• EXERCISE OBJECTIVE:
In the entries below, which lines run from the one with "Vasos con luces de colores. Vasos" through the one with "青島17年Jeep指南者9"? Repeat exactly those, both included, and no pictures.

***** RECORDS FOR THIS TASK *****

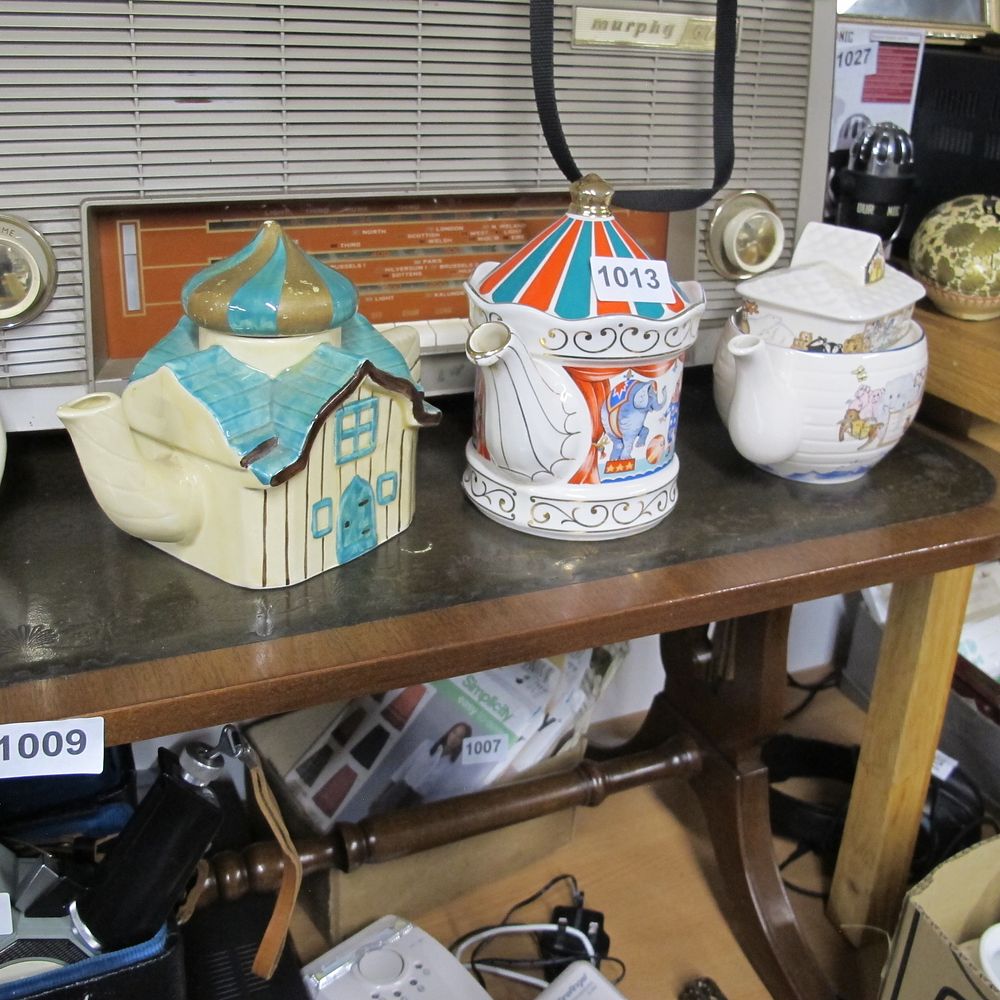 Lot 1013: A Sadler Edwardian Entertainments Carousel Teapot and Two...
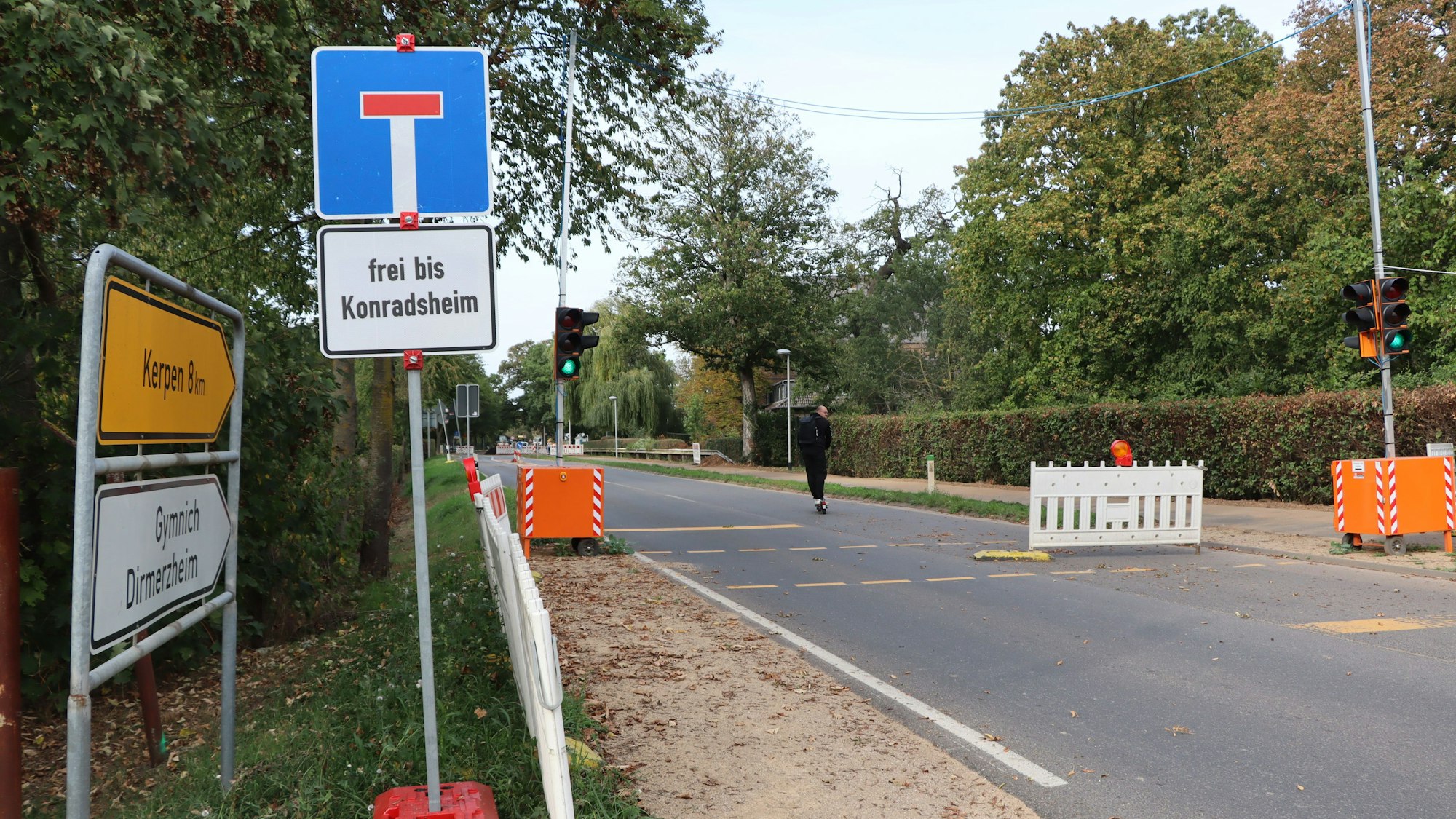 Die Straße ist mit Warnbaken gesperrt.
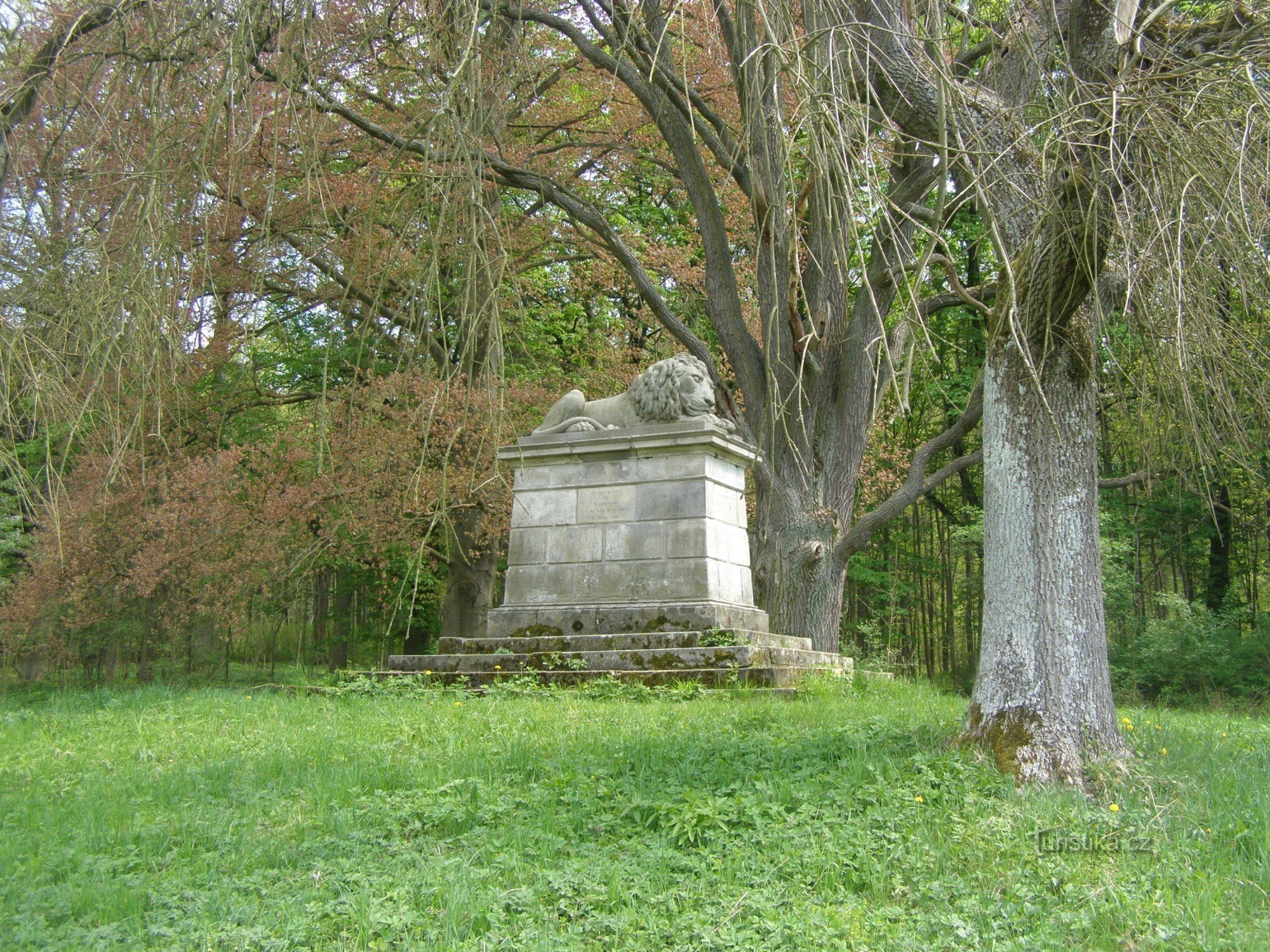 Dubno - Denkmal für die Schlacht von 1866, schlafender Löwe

*****
***** RECORDS FOR THIS TASK *****

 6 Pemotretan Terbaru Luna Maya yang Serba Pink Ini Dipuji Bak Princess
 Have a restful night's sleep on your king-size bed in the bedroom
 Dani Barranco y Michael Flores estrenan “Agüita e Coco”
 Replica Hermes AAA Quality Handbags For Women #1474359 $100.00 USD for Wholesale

*****
***** RECORDS FOR THIS TASK *****

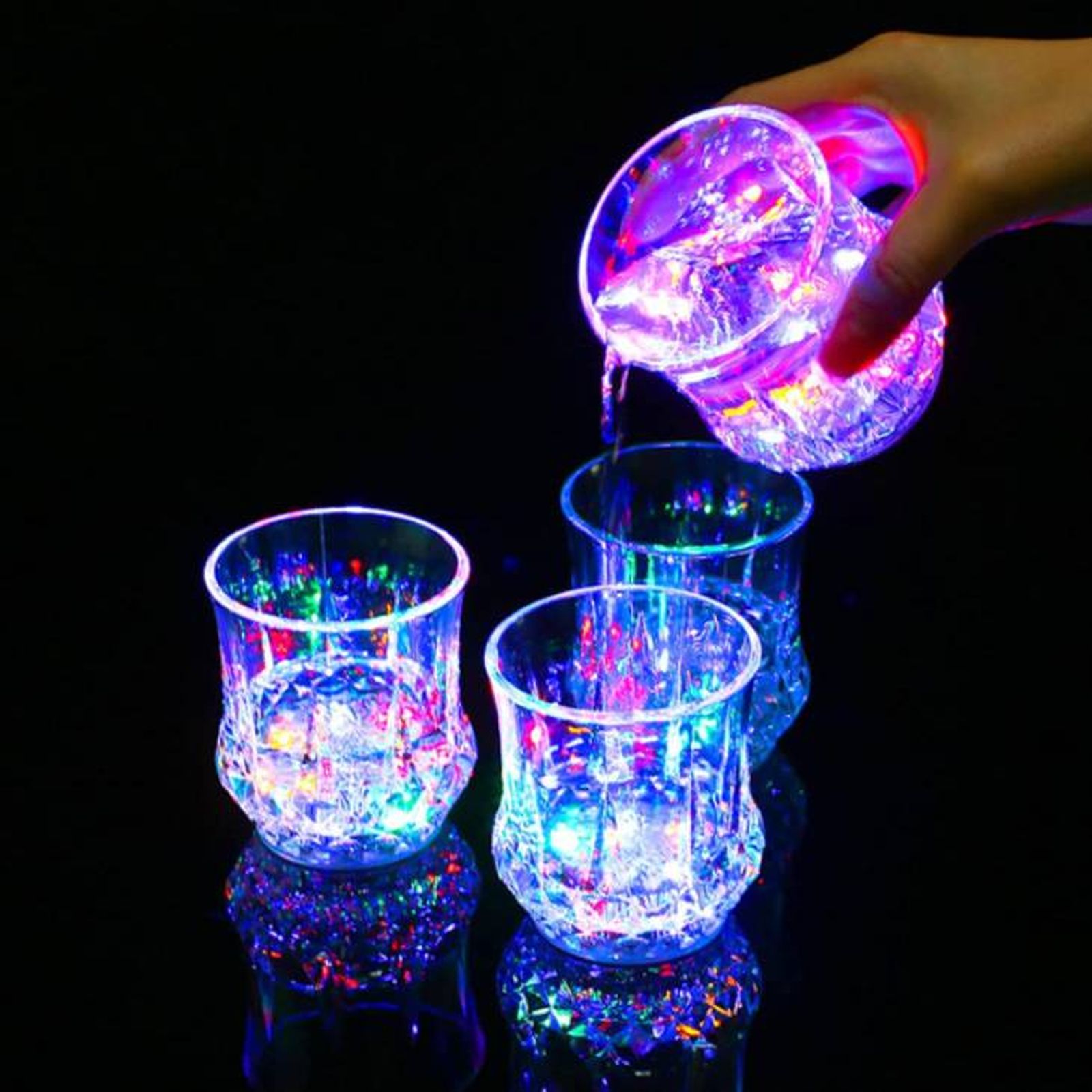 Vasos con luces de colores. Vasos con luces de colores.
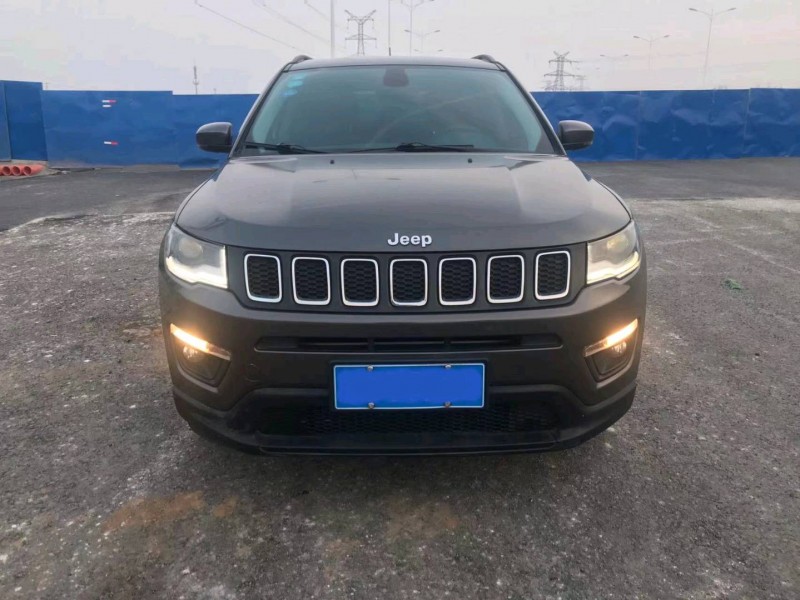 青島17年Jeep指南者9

*****

• RESPONSE TO THE TASK:
 Vasos con luces de colores. Vasos con luces de colores.
 青島17年Jeep指南者9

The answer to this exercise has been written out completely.